In 1948, the landmark case Shelley v. Kraemer went in front of the Supreme Court. The court held that racially-restrictive housing covenants could not be legally enforced. The ruling meant that even if there was an existing covenant in a deed, it could no longer be imposed. The case allowed Black people to start moving into white Columbus neighborhoods like Eastgate.

An image of two students and two teachers working on math at Eastgate Elementary in 1963.
Columbus Call and Post
Columbus Metropolitan Library
Students and instructors work on math skills at Eastgate Elementary School in 1963.

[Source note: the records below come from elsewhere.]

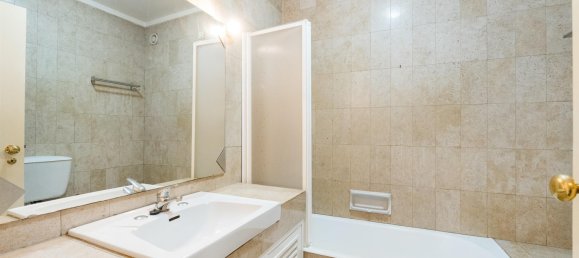 4 Schlafzimmer Wohnung in Porto, Portugal, Nr. 116094 25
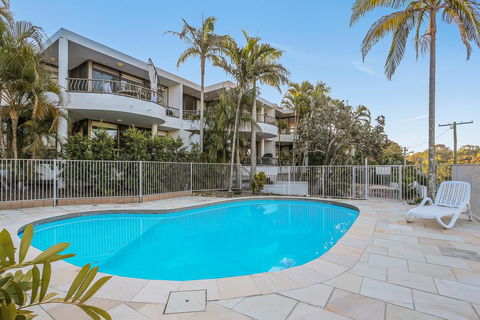 Walk To The Beach, Sunshine Beach - Accommodation Newcastle 1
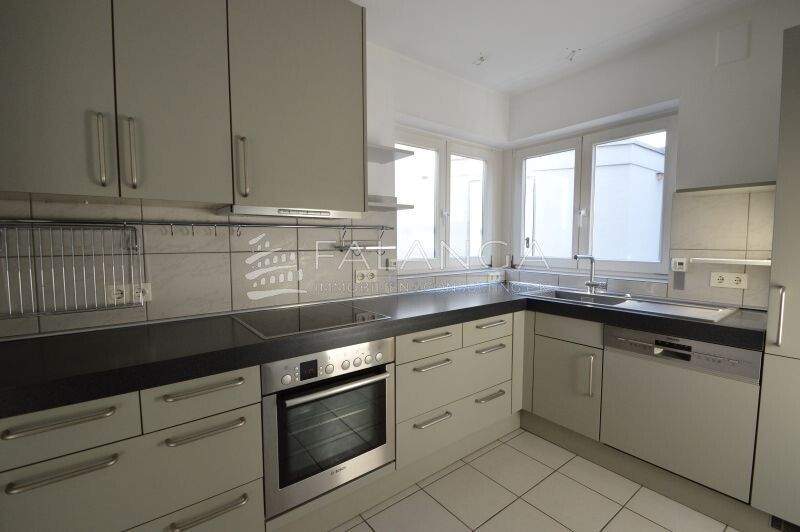 Doppelhaushälfte Budenheim - 6 Zimmer, 180 m&sup2;, 759.000&euro; | Angebot:25113974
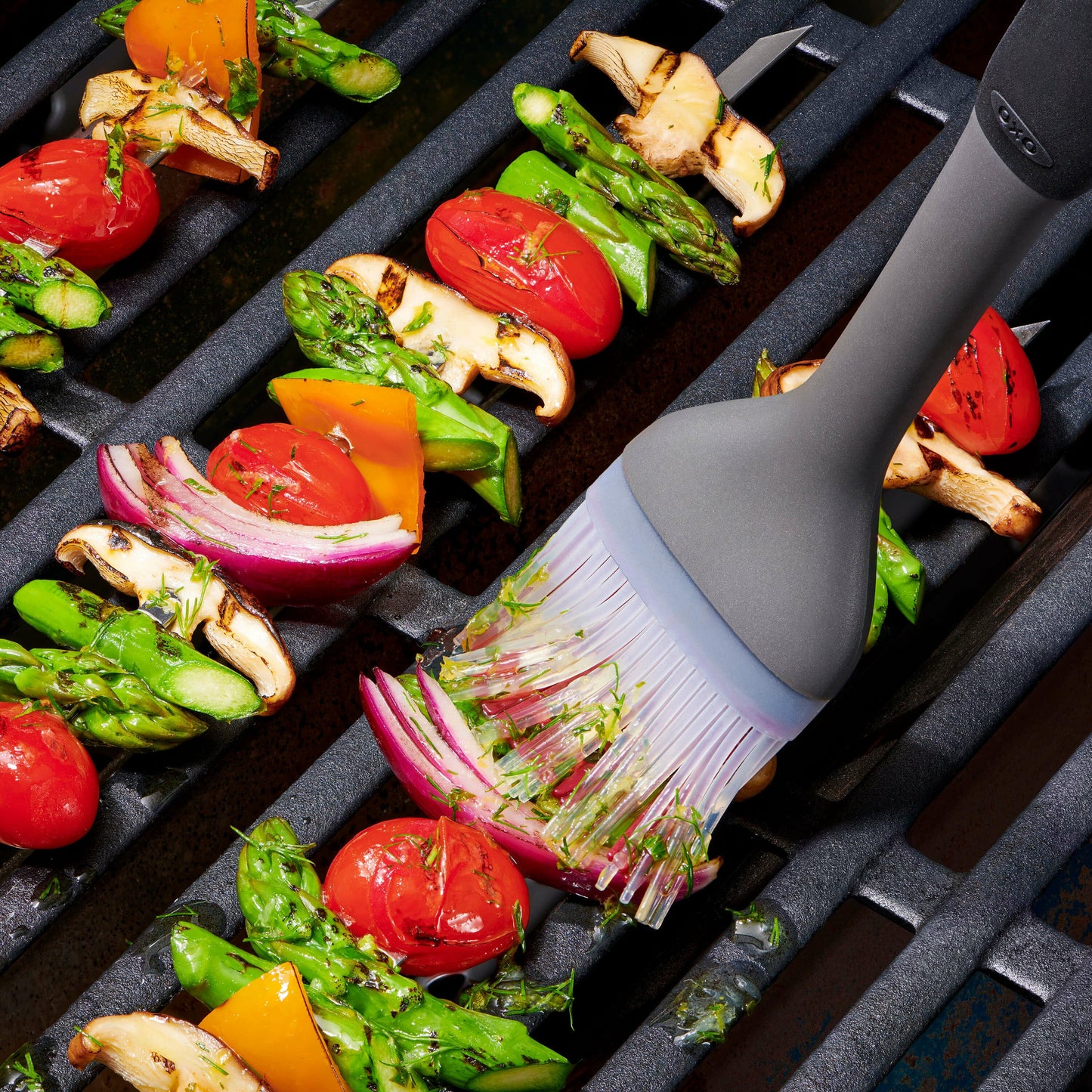 grilling-basting-brush-f9 gg_11309300_052020_10_rgb_1_.jpg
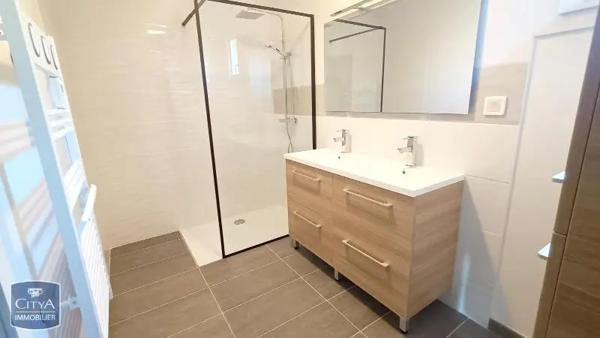 Maison à louer 4 pièces 104.15m² Villespy (11170)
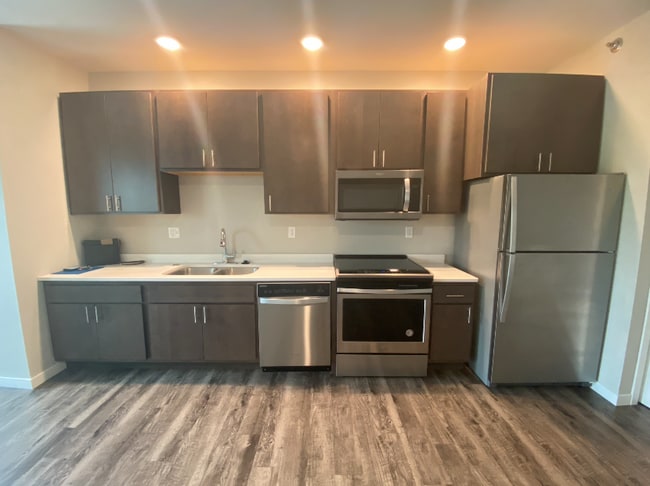 Photo - 914-15t 15th St N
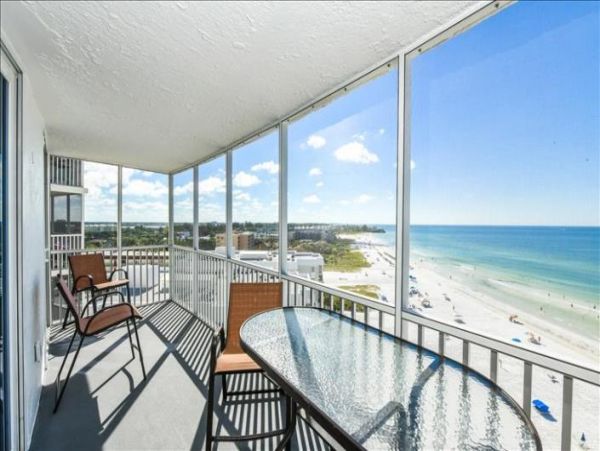 Luxury Two Bedroom Oceanfront Condo with Stunning Views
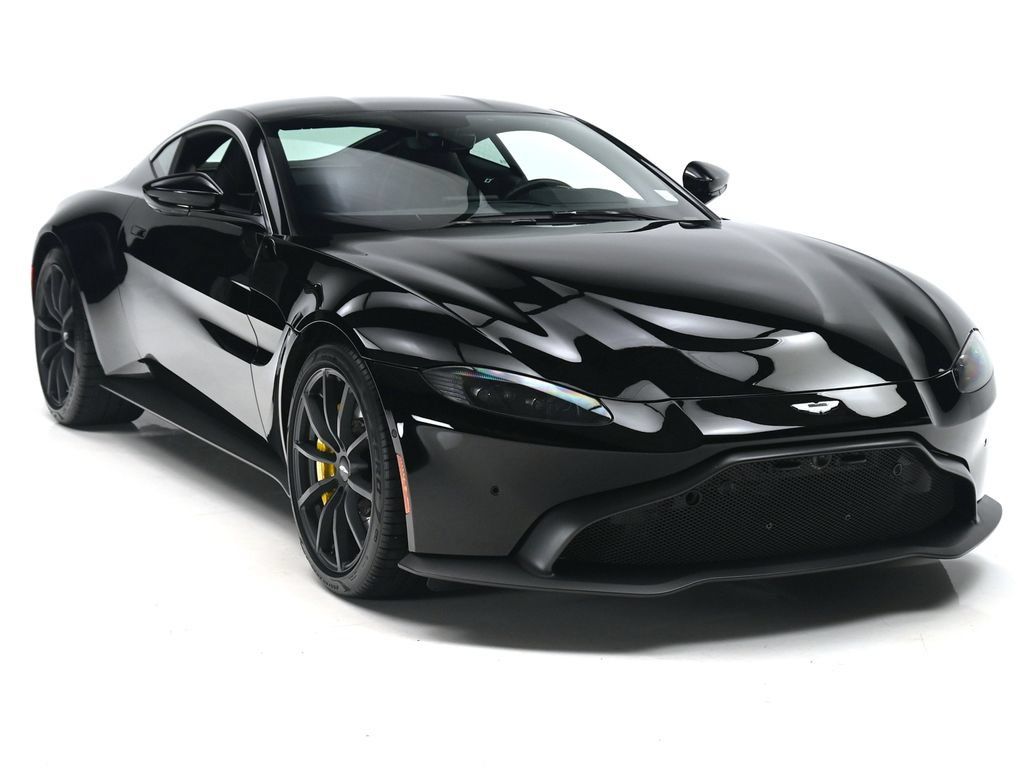 Used 2022 Aston Martin V8 Vantage Coupe RWD image 3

Beginning in the 1950s, specifically 1953 and 1954, Eastgate became an attractive neighborhood for middle-class Black families. This change in demographics caused white families to move out, a phenomenon known as “white flight.”

White families often used “decreasing property values” as a reason to leave the neighborhood. Additionally, the rise of the highway system with the Federal Aid Highway Act of 1956 allowed families to move to suburbs and commute to the city for work, which also contributed to the moves of white and Black families.

One thing that set Eastgate apart was the fact that it was home to several Tuskegee Airmen, the first Black military pilots in the United States Armed Forces.

The name “Tuskegee Airmen” comes from the Tuskegee Institute in Alabama, where 926 pilots earned their credentials under the Army Air Force Aviation Cadet program.

In July 1945, many men who were part of the squadrons relocated to Lockbourne Air Base, 12 miles southeast of Columbus. Lockbourne, known today as Rickenbacker International Airport, is where many airmen met their future wives.

Julie Kyle’s parents met at Lockbourne Air Base. Kyle, born in 1948, is the daughter of late Tuskegee Airmen Walter Kyle. Her family moved into the Eastgate neighborhood when she was around five years old after her father lost his leg in the Korean War. She has lived in her childhood home since then.

“It was a great neighborhood to grow up in,” Kyle said. “We just get along with everybody. The neighbors were all great and everything and it was just like, everybody knew everybody.”

At one time, Eastgate was home to six Tuskegee Airmen and their families. WOSU could not find evidence of a mortgage incentive program in Eastgate for Tuskegee airmen.

An image of Tuskegee Airmen standing outside at Lockbourne Air Base.
Columbus Metropolitan Library
Tuskegee Airmen were relocated to Lockbourne Air Base outside of Columbus.

Kyle said she thinks the neighborhood appealed to Tuskegee Airmen because its racial demographic was changing.

“A lot of people were moving out and the homes became more available to Blacks, basically,” she said.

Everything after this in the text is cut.